* Exercise aim
Line tally for the word "Short": count the lines below that contain it and reply with the number alone.

== Input ==

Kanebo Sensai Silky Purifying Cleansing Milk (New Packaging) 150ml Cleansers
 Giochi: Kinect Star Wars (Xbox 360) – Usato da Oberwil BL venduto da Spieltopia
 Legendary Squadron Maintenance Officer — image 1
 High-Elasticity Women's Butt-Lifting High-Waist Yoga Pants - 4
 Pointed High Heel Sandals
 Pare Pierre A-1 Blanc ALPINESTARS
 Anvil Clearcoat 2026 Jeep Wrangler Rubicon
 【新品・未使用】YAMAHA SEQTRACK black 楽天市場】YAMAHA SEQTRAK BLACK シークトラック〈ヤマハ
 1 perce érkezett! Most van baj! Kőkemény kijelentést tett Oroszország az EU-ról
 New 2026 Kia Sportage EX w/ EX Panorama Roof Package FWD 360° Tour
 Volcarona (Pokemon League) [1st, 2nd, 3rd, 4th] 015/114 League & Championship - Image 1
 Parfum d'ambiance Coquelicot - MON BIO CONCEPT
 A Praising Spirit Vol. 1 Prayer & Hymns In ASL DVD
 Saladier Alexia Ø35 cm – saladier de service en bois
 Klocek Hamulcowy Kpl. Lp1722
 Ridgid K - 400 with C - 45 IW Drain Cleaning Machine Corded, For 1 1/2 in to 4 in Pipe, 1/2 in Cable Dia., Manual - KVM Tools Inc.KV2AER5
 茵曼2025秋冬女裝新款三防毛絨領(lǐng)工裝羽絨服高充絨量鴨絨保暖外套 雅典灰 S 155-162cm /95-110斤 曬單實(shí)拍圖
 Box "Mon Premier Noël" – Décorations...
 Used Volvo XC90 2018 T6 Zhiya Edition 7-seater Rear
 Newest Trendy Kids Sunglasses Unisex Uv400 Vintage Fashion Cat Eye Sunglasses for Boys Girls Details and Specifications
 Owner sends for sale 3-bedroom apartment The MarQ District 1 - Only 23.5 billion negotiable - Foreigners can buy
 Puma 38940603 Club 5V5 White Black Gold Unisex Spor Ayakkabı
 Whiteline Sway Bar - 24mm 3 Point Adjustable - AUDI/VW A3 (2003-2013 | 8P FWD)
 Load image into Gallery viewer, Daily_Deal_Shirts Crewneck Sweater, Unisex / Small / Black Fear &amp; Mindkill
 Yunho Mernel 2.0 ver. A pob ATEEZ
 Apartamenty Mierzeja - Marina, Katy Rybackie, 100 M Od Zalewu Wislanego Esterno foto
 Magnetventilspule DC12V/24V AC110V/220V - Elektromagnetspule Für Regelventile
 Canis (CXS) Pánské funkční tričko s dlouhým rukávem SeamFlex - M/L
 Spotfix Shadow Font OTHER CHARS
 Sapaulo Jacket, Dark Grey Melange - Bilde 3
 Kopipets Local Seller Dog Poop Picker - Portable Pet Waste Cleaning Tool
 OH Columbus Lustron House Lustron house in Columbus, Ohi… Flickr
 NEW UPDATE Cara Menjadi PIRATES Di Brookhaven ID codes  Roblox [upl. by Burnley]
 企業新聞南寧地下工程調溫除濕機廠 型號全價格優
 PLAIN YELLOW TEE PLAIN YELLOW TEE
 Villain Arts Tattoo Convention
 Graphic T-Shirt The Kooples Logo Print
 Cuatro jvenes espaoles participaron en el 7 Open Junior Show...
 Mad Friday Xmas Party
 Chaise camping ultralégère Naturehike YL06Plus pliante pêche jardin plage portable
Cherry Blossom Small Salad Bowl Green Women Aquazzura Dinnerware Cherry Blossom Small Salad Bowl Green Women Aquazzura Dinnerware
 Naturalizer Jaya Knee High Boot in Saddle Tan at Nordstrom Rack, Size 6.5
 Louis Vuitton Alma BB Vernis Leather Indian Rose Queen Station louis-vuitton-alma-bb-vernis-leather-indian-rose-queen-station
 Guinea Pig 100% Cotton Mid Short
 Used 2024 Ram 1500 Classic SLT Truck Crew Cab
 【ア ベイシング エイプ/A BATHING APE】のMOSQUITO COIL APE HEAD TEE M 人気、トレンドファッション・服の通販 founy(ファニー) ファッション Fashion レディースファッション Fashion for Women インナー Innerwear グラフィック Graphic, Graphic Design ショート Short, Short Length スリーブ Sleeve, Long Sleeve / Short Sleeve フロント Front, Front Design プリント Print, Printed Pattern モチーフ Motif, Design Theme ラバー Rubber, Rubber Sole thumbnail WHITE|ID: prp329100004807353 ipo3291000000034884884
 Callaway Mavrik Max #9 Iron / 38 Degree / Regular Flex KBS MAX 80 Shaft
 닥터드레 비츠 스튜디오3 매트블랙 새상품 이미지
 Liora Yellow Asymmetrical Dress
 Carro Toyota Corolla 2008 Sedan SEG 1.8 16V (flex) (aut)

===

* Written reply
2